Sony’s reboot of Spider-Man is a solid, but nowhere near perfect new start for the wall crawler that brings us the best cinematic version of Peter Parker and sets the up the potential for some great new big-screen adventures.
The Amazing Spider-Man is a movie charged with the unpleasant task of rehashing the origin of Spider-Man for the second time in little more than a decade, but it faces this problem head-on. Unlike Sam Raimi’s version, this new movie adapts Spidey’s classic beginning rather than translate it and the result is a fresh, fairly new take on an overly familiar story.
What really sells this new version is the well-crafted characters, and the excellent cast is lead by Andrew Garfield, playing a very different Peter Parker. Gone are the straight-up nerd of the comics, or the sad-eyed sappiness of Tobey Maguire’s portrayal– Garfield’s Peter is still an outcast for sure, but he’s got a punky, rebellious streak that was refreshing for the character. The idea that nerds are cool in today’s young society, skewered brilliantly in 21 Jump Street, helps make the new Peter a unique rendition of the boy trying to find out who he is, and rather than bookish nerdism, Garfield’s Parker is more of a tech geek, a mechanic who’d rather rebuild an appliance than a muscle car.
There’s a lot to Peter, who’s dealing with abandonment issues due to his parents leaving him in the safe keeping of Uncle Ben and Aunt May when a mysterious outside agency threatens their family, but rather than get all emo and mopey about it, the gawky teenager instead busies himself with skateboarding, taking photos like a fly on the wall, and occasionally getting into fights at school… in other words, being a teenager.
This take on Peter is also very headstrong, and prone to obsession, both over finding out what happened to his parents (which leads him to both meet Rhys Ifans’ Dr. Curt Conners, and receive the fateful spider bite that mutates him) and eventually hunting down his Uncle Ben’s killer in his first outings as a masked vigilante. A big part of Spider-Man’s origin is truly understanding the meaning in Ben’s words “with great power come great responsibility” (a phrase never uttered in this movie, by the way), and I absolutely love that Peter develops what will be his crime-fighting alter ego not as a means to help others, but on a mission of revenge to find Ben’s assailant. It’s a cool spin that Spidey goes so far as to become a pop culture icon in NYC, covered by YouTube videos and gossip on the streets, before his actions become anything near heroic.
These early missions also bring Peter in opposition with Denis Leary’s well-realized Captain Stacy, who assumes the J. Jonah Jameson role as the anti-Spider-Man crusader, and his denial of Spider-Man’s heroics as he explains the way police surveillance actually works is a lesson for the young hero every bit as important as the wisdom Ben imparts.

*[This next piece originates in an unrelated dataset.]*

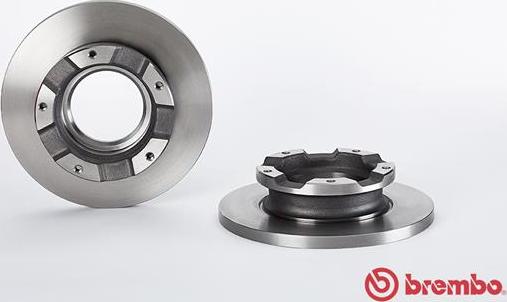 Brembo 08.A730.20 - Kočioni disk www.molydon.hr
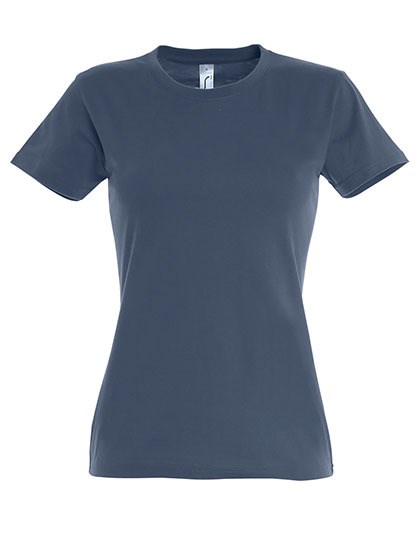 SOL´S - Women´s Imperial T-Shirt - Denim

Peter’s clashing with Captain Stacy also complicates matters with his would-be girlfriend Gwen Stacy (the absolutely charming Emma Stone), who just happens to be the Captain’s daughter. Of course, Peter makes things even more complicated by revealing his secret identity to her as fast as possible. It may sound like sloppy writing, but when keeping in mind that both Parker and Gwen are teenagers, the lack of maturity they display feels organic as opposed to lazy. On top of that, Garfield and Stone have an incredible and natural chemistry together, which brings a spark of life to even their most taxing dialogue.
A lot of this review has focused more on Peter’s life as opposed to Spider-Man’s activity, and there’s two reasons for that… first, to be perfectly honest the Peter stuff is far more compelling and entertaining, especially with a powerhouse like Garfield commanding such a presence. And second, while there’s still a healthy chunk of big blockbuster action beats, a lot of the movie really does keep the focus on Peter and not his alter ego.
This isn’t meant to say the Spider-Man stuff is bad, it just feels a little rote. The new costume looks good, and Marc Webb’s camera does quite a few inventive things far more imaginative than anything on display in Raimi’s movies. Even when they don’t entirely work (the POV web-slinging shots still look like a video game to me), I have to give credit to some of the more interesting visual ideas in the direction. That being said, the action sequences are virtually 100% CGI and it really shows– I’d much rather have seen more practical effects especially involving Curt Conners’ Lizard, who looks nice and creepy in his half-mutated state but nowhere near as scary when he’s an obviously CGI monster.
The re-introduction of Peter and his world, and the methodical evolution of Spider-Man into a hero are well done, but the movie suffers from a very by-the-book third act which almost betrays all the good that preceded it, with virtually every scene being recycled from a previous comic book movie. NYC residents band together to help an ailing Spidey? That was done brilliantly in Spider-Man 2. The villain wants to mutate everyone in the city? Try the first X-Men. There’s more rehashed spoilery bits as well, but I think you get the idea without me giving them away here.
A lot of people are knocking this movie on the grounds that it’s too early to reboot the franchise, but while I adore Sam Raimi, he made so many missteps even during the good part of his run that a do-over seems like the only way they can really go forward. The new movie seems more clearly cognizant that it will be an ongoing series, so they’re willing to take their time by not cramming Peter’s entire High School career, or the Daily Bugle, or Mary Jane Watson, or even Norman Osborne into a single film. The result is something that seems much more sustainable as a franchise– the biggest hook of Spider-Man was that he’s just a kid, and so many of his best comic book stories took place before Peter even made it to college. To take that out of the equation in 20 minutes never sat right in Raimi’s movies; nor did Peter’s constant need to remove his mask with no repercussions (an issue with at least a hint of impact on display here), and the reboot lets them fix those mistakes and more.
Overall, The Amazing Spider-Man isn’t a truly great movie, but it’s a pretty good one, and it pretty much works. The best part about this movie for me is that with an excellent Peter Parker in place and the baggage of the previous films and the origin story cast to the wayside, we’ve been set up for possibly the first truly amazing Spider-Man movie up next.